The general syntax is:

wout=cut(win,ax_1,ax_2,...);

where ax_1 etc. take the form: - [lo,hi] for integration between two limits

[lo,step,hi] for a plot axis between given limits with a given step size
[step] for a plot axis taking the existing lo and hi and rebinning to a given step size,
[] for leaving the limits and step size of an axis unchanged.

smooth

A function that can be used on all dnd objects except d0d (for which it would be meaningless). It is currently not implemented for sqw objects.

wout=smooth(win)

This smooths the data win by convoluting it with a hat function of width 3 (the default width).

Alternatively

wout=smooth(win,[width_vector])
wout=smooth(win,[width_vector],function)

The vector [width_vector] contains n element for a n-dimensional object and gives the width of the convolution along each axis in terms of the number of bins. Alternatively you can supply a scalar, in which case the same width will be used for all axes. You can also choose with what function the data are convoluted. There are two choices for the argument function, either ‘hat’ or ‘gaussian’.

mask

wout=mask(win,mask_array)

Apply a mask to points in an n-dimensional dataset win. The masked out points have their intensity set to NaN, errorbar set to zero and npix field set to zero. The points to mask are defined by mask_array, which should be an array the same size as the intensity array of win, consisting of 1s and 0s where data are to be retained or masked respectively.

mask_points

A function to generate a suitable mask array (see above) for an n-dimensional dataset.

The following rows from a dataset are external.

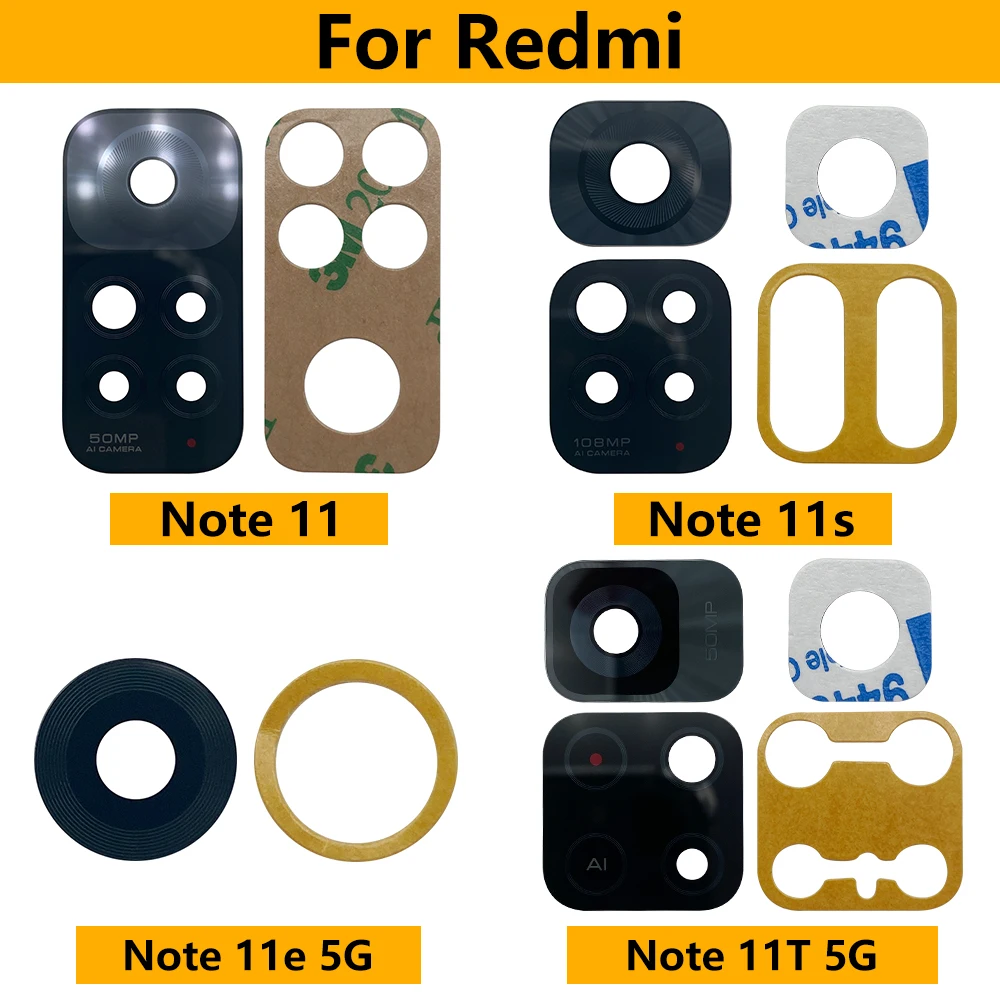 Back Glass Camera Lens For Redmi Note 11S 11 Ultra 11T 5G Rear Camera Glass Lens Cover With Glue For Redmi Note 10 11 Pro Plus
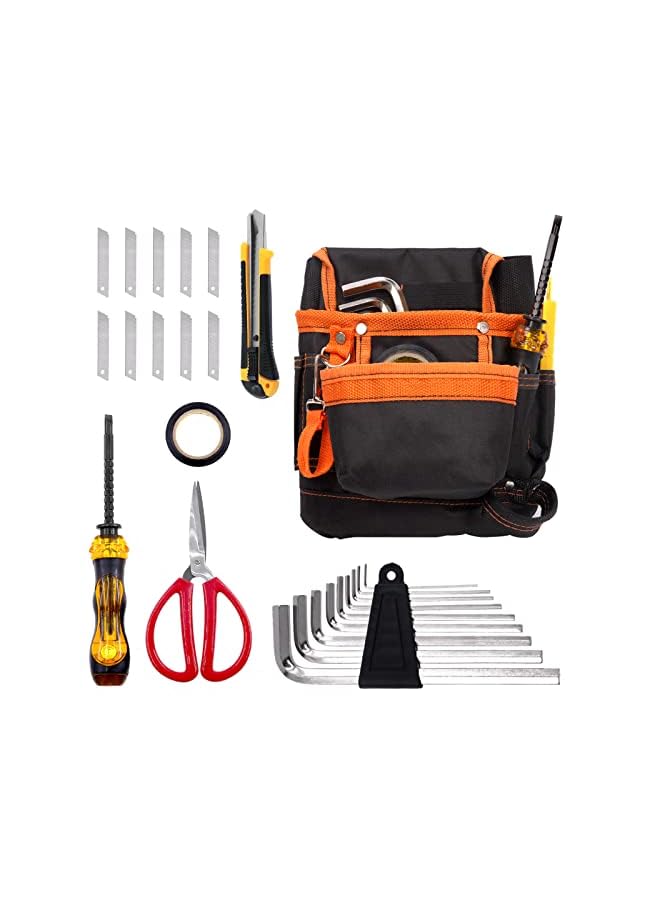 Swpeet 16Pcs Electrician Tool Pouch with Tools, Tool Pouch, Allen Wrenches Screwdriver Scissors, Utility Knife with Blades, Tool Belt Kit for Electrician Carpenter Construction Technician Gardening  - Image 1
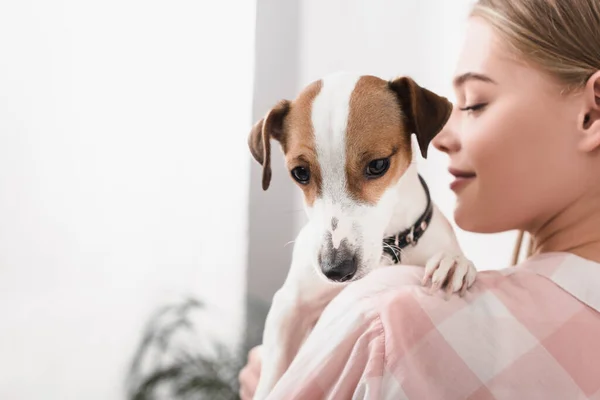 Blurred Cheerful Woman Holding Arms Jack Russell Terrier — Stock Photo, Image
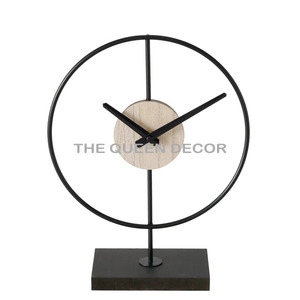 Premium <b>Metal</b> Tabletop <b>Clock</b> with Roman Numeral Dial And Decorative Frame Home Office Desk Living Room Table <b>Clocks</b> - Product Image 5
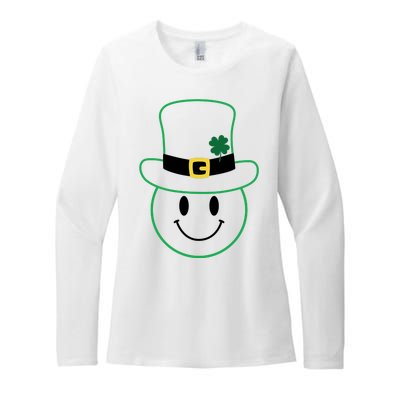 St Patrick's Day Smiley Face Holiday Womens CVC Long Sleeve Shirt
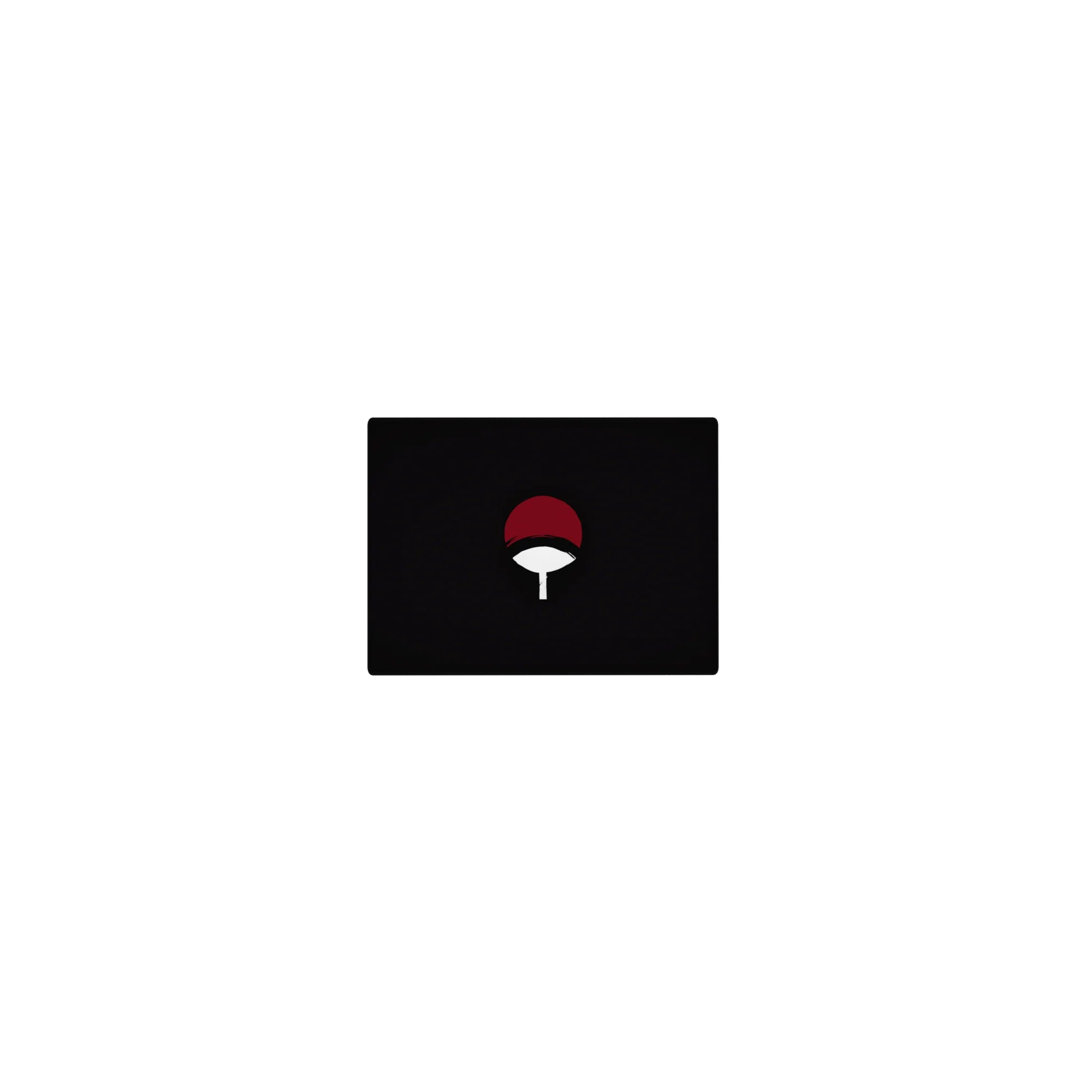 14x10 inches classic anime mouse pad with Uchiha clan fan emblem, white handle and red top on black.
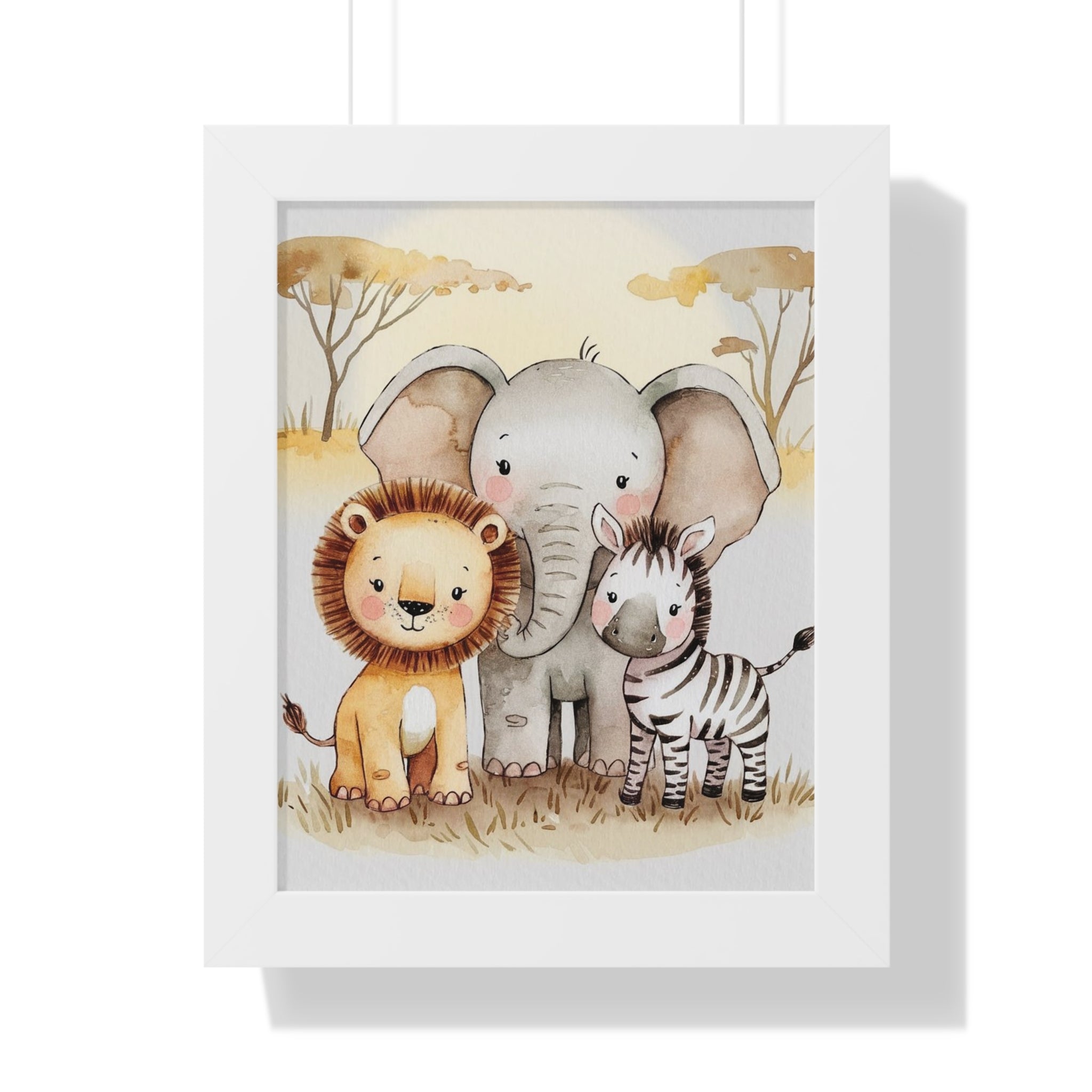Safari Nursery Framed Poster — Cute Lion, Elephant & Zebra Wall Art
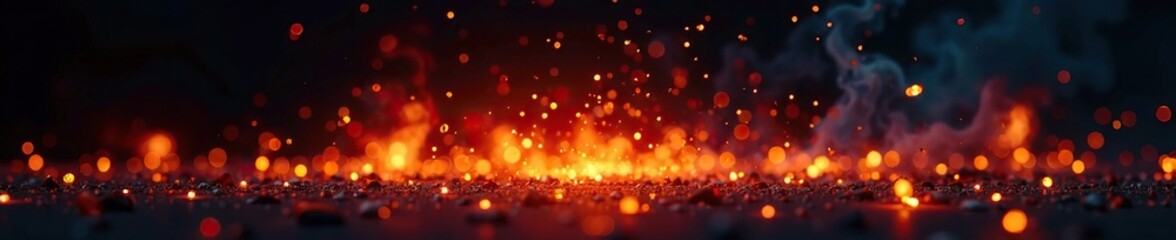 Flickering fire embers on isolated dark background with glowing sparks, flicker, sparks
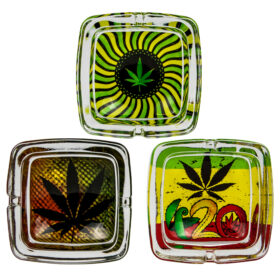 Cenicero De Vidrio cuadrado Hojas ASH205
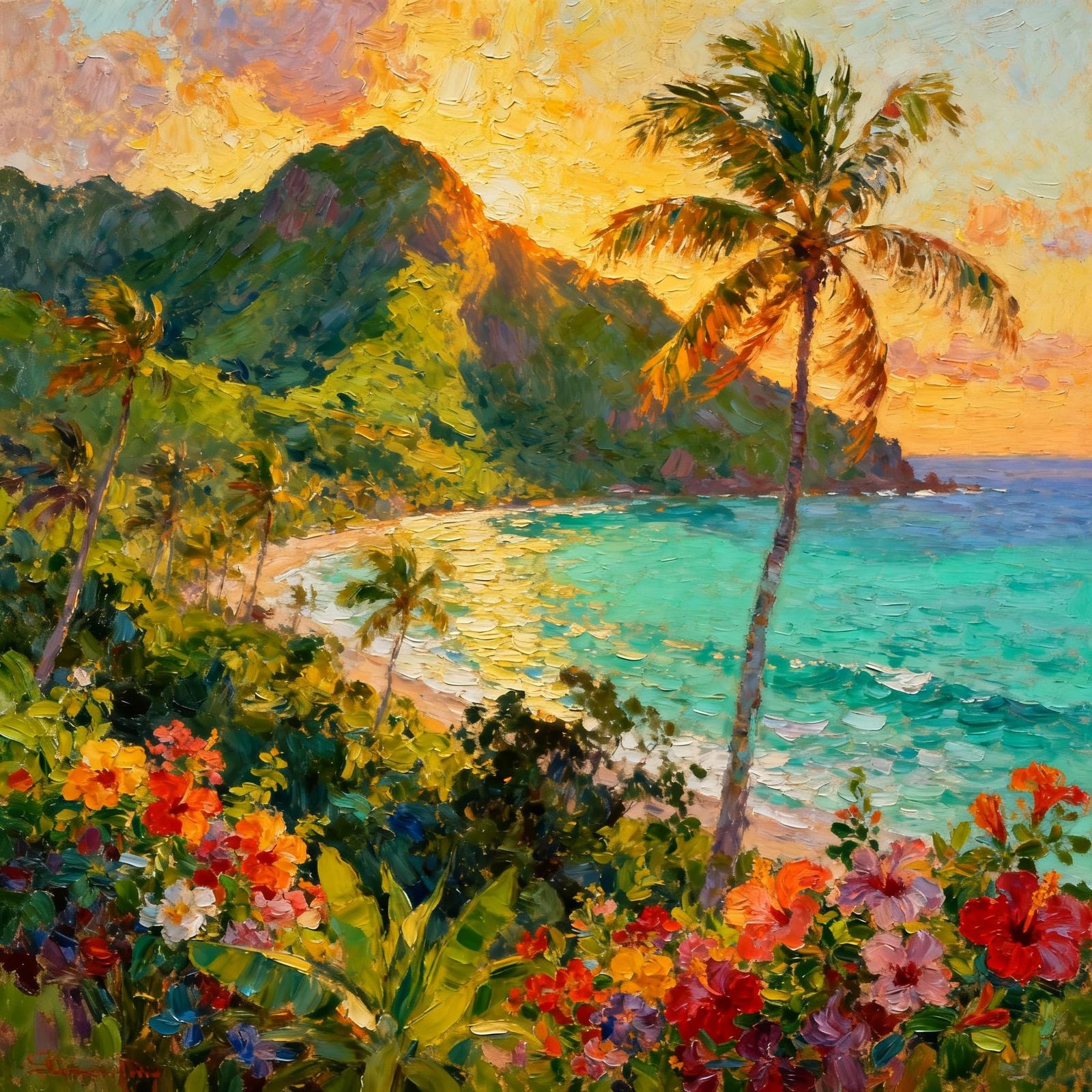 Vibrant Jamaican Landscape in Impressionistic Oil Style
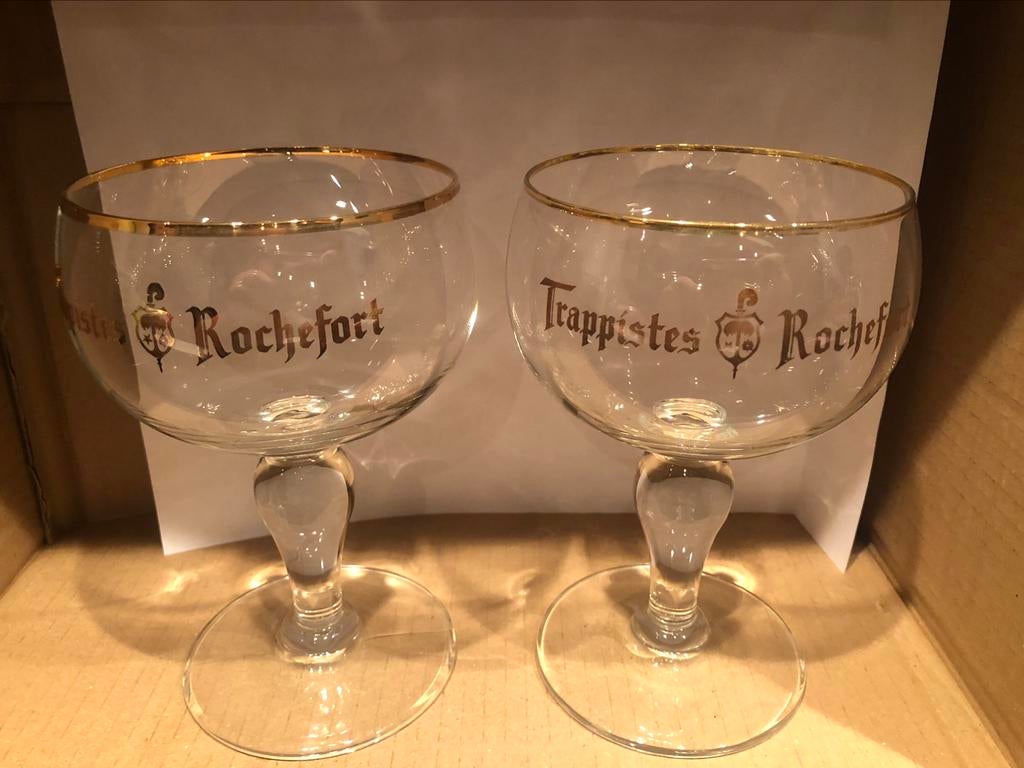trappistes rochefort 2x différents, Enlèvement ou Envoi, Utilisé, Verre ou Verres, Autres marques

[sel,ok,mess]=mask_points(win,'keep',xkeep)
[sel,ok,mess]=mask_points(win,'remove',xremove)
[sel,ok,mess]=mask_points(win,'mask',mask_array)
[sel,ok,mess]=mask_points(win,'keep',xkeep,'remove',xremove,'mask',mask_array)

The inputs are:

win is the input dataset
xkeep is the range of display axes to keep, e.g. [x1_lo,x1_hi,x2_lo,x2_hi,...,xn_lo,xn_hi]. Note also that more than one range can be specified for each dimension by writing [range_1; range_2;...]
xremove is the range of display axes to remove. Follows the same format as xkeep.
mask_array is an array of 1s and 0s with the same number of elements as the data array, with 1s for elements to keep and 0s for elements to remove. Note that this applies to the stored data, not the display axes (which can be switched around by manipulating the dax field).

The outputs are:

sel mask array the same size as data array, accounting for all of the ranges etc. input.
ok =true if the function worked, =false if it did not (e.g. if there was a problem with one of the inputs).
mess is a message string giving information about why the function failed. If ok==true then this is an empty string.

mask_runs

Remove all pixels from one or more runs from an sqw object. Useful, for example if one run from many in an sqw file is deemed to be spurious (e.g. detector noise, unknown sample orientation, etc.)

wout = mask_runs (win, runno)

The inputs are:

win is the sqw object to be masked (single object only, not array)
runno is the run number, or array of run numbers, in the sqw object to be masked. Convention is that run number 1 is the first file in the list when the sqw file was generated, and so on. Can be determined from inspection of win.header

The output is:

wout, the output sqw object with mask applied

section

Takes a section from an n-dimensional object

wout=section(win,[ax1_lo,ax1_hi],[ax2_lo,ax2_hi],...)

win is the input dnd or sqw object (except for d0d and 0-dimensional sqw objects), and the vectors [ax_lo,ax_hi] specify the lower and upper limits on each axis to retain. If just a zero is specified, e.g.

wout=section(win,[1,2],0,[3,4])

then the existing limits are retained. So for the above 3-dimensional example data along the first axis between 1 and 2 are retained, and data between 3 and 4 on the 3rd axis are retained, and all of the data along the second axis are retained.